After six seasons of competition and nearly 100 race wins, Lamborghini Squadra Corse recently celebrated the production of its 400th Huracán race car.
To celebrate the occasion, the Italian automaker staged a special event at its factory, which was attended by various Lamborghini executives such as President and CEO of Automobili Lamborghini, Stephan Winkelman. Unlike many automakers, Lamborghini produces road and racing vehicles from its headquarters located in Sant’Agata Bolognese, Italy – the same factory used since the brand’s inception in 1963.
Gallery: Lamborghini Celebrates Production of 400th Huracán Racing Car
“We are proud of this milestone, which is important not only for Squadra Corse but for the whole company,” said Winkelman. “In a few years, Squadra Corse has established itself in the most important international competitions and the Huracán GT3 and Super Trofeo are an undisputed point of reference in the Gran Turismo category.”
The Huracán ST’s tenure began in 2014, replacing the Gallardo as the Italian automaker’s challenger in the worldwide one-make series; compared to the GT3 car, the ST develops slightly less power and downforce. The Huracán GT3 saw its debut in 2015, which marked the brand’s official entry into GT racing.
Rather unsurprisingly, it didn’t take long for the race car to produce success in some of the biggest races around the world. After just six seasons, the Italian supercar – which received an Evo package in 2019 – has 100 victories to its name. To offer some perspective, those 100 wins include three consecutive victories at the 24 Hours of Daytona, two victories at the 12 Hours of Sebring, and the triple crown of the GT World Challenge (winning the Sprint, Endurance, and Overall titles).
With this level of success in such a short amount of time, there’s no telling what the Huracán GT3 will achieve in the coming years. Entering the 2021 season with one of its strongest factory driver lineups – Jordan Pepper, Andrea Caldarelli, Giovanni Venturini, and Corey Lewis – we’d wager that the success at the race track will continue.

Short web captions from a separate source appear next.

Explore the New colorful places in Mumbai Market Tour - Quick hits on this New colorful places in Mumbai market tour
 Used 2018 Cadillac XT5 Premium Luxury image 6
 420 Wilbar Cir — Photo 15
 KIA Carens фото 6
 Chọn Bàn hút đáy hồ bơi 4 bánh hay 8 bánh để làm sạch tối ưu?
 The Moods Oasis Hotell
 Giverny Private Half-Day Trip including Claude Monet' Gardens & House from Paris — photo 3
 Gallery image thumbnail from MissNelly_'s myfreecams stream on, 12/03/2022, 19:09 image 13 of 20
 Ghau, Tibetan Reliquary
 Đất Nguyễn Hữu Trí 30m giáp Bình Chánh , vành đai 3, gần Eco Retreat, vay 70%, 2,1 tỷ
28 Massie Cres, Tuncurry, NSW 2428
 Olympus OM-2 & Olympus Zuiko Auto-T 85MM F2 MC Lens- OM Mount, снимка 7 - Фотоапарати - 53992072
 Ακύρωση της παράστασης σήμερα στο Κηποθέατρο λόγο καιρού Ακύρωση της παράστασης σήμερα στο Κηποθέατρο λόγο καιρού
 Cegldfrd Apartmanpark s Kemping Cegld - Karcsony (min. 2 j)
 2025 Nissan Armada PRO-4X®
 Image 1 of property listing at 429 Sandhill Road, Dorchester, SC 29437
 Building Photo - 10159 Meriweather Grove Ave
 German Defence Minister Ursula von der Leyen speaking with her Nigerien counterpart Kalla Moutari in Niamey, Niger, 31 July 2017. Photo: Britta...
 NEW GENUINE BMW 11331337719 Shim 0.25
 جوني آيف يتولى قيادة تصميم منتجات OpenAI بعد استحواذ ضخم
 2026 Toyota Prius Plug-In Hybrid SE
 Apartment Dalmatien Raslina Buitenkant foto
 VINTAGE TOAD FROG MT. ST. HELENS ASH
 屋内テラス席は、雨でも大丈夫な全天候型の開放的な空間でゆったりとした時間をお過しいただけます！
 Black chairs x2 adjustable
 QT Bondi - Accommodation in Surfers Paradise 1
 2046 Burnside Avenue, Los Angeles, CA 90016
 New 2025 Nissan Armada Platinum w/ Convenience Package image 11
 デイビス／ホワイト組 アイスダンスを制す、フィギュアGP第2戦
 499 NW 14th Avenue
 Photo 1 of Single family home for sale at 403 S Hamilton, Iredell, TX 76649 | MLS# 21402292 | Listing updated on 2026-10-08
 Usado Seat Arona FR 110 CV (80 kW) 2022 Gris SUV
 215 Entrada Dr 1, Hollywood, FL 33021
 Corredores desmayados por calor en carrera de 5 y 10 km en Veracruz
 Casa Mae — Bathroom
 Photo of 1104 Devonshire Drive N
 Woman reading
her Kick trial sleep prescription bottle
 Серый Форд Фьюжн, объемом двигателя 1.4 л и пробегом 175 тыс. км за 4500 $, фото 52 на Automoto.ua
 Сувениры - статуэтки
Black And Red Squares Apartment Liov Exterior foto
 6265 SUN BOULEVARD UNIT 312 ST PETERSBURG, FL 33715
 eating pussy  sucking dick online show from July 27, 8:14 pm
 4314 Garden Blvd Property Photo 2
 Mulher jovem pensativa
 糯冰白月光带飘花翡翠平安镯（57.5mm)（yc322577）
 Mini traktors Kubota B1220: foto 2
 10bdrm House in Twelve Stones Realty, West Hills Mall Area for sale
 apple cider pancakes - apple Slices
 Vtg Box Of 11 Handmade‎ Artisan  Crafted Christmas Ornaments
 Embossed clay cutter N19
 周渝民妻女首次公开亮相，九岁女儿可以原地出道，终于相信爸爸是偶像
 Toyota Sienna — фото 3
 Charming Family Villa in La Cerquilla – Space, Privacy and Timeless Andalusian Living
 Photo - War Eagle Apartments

Since 2014, 400 Huracán Super Trofeo and GT3s have been produced on the same line as the road cars in Sant’Agata Bolognese
In just six seasons, the Huracán GT3 has won nearly 100 races in the most prestigious GT championships in the world
Sant'Agata Bolognese, 6 April 2021 – Lamborghini is celebrating the production of its 400th Huracán model from its headquarters in Sant’Agata Bolognese, where all Lamborghinis, both road and racing, have been produced since 1963. This milestone was recognised at a special event, which was attended by Stephan Winkelmann (President and CEO of Automobili Lamborghini), Maurizio Reggiani (Chief Technical Officer), Ranieri Niccoli (Chief Manufacturing Officer) and Giorgio Sanna (Head of Motorsport). They were joined by the various technicians who build both the Huracán Super Trofeo Evo and GT3 Evo every day.
Commenting on the 400th Huracán, Winkelmann said: "We are proud of the milestone, which is important not only for Squadra Corse but for the whole company. In a few years Squadra Corse has established itself in the most important international competitions and the Huracán GT3 and Super Trofeo are an undisputed point of reference in the Gran Turismo category.”
The first Huracán Super Trofeo was presented in 2014, replacing the Gallardo as the car of choice in Lamborghini’s single-make championship in North America, Europe, Asia and the Middle East. The following year, the Huracán GT3 made its debut, marking Lamborghini’s official entry into GT racing.
Over the next six seasons, the Huracán GT3, and its successor the GT3 Evo, have won nearly 100 races, including the prestigious Daytona 24 Hours a record three consecutive times. The GT3 Evo has also won the coveted Sebring 12 Hours twice as well as the “triple crown” of the GT World Challenge Europe in 2019. In 2020 alone, the Huracán GT3 Evos were represented by 24 different teams, in 15 national and international championships and covered a total of 20,000km across 88 different drivers.